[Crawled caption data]
- Opening Delimiter -

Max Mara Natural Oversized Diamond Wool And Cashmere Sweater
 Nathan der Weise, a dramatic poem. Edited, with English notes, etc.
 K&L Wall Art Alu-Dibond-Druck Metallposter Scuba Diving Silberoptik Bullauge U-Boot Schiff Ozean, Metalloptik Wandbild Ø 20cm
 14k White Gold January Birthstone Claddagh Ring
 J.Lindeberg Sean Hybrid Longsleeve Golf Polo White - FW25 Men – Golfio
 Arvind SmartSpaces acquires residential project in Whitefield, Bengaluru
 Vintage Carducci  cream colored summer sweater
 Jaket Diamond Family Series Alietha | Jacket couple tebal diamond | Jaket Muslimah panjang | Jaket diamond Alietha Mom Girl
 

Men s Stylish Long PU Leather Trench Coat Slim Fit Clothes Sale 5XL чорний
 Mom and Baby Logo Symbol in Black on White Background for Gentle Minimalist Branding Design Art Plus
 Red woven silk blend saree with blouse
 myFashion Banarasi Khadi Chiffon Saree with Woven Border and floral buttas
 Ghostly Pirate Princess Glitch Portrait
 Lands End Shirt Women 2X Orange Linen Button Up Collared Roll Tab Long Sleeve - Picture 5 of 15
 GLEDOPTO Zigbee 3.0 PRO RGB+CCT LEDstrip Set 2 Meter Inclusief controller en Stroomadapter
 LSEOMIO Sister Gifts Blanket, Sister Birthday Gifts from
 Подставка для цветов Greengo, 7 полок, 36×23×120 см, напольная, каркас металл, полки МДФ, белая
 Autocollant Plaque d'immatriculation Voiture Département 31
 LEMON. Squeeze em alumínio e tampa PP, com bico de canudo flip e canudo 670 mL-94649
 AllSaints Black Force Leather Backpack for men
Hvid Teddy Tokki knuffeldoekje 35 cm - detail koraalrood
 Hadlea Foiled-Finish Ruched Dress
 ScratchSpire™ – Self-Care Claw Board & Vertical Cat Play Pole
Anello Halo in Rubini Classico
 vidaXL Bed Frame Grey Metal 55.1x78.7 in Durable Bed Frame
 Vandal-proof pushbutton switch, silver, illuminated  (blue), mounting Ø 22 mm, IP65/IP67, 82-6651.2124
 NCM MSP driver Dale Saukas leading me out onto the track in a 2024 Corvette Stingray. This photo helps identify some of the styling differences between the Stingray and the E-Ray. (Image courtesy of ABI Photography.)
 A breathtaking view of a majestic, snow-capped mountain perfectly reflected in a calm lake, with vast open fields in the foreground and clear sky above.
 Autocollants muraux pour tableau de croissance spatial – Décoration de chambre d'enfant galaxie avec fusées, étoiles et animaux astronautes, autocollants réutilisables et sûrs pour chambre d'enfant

- Closing Delimiter -

Please reproduce, exactly as they appear above, the lines from the line containing "Men s Stylish" up to and including the line containing "vidaXL Bed Frame".

Men s Stylish Long PU Leather Trench Coat Slim Fit Clothes Sale 5XL чорний
 Mom and Baby Logo Symbol in Black on White Background for Gentle Minimalist Branding Design Art Plus
 Red woven silk blend saree with blouse
 myFashion Banarasi Khadi Chiffon Saree with Woven Border and floral buttas
 Ghostly Pirate Princess Glitch Portrait
 Lands End Shirt Women 2X Orange Linen Button Up Collared Roll Tab Long Sleeve - Picture 5 of 15
 GLEDOPTO Zigbee 3.0 PRO RGB+CCT LEDstrip Set 2 Meter Inclusief controller en Stroomadapter
 LSEOMIO Sister Gifts Blanket, Sister Birthday Gifts from
 Подставка для цветов Greengo, 7 полок, 36×23×120 см, напольная, каркас металл, полки МДФ, белая
 Autocollant Plaque d'immatriculation Voiture Département 31
 LEMON. Squeeze em alumínio e tampa PP, com bico de canudo flip e canudo 670 mL-94649
 AllSaints Black Force Leather Backpack for men
Hvid Teddy Tokki knuffeldoekje 35 cm - detail koraalrood
 Hadlea Foiled-Finish Ruched Dress
 ScratchSpire™ – Self-Care Claw Board & Vertical Cat Play Pole
Anello Halo in Rubini Classico
 vidaXL Bed Frame Grey Metal 55.1x78.7 in Durable Bed Frame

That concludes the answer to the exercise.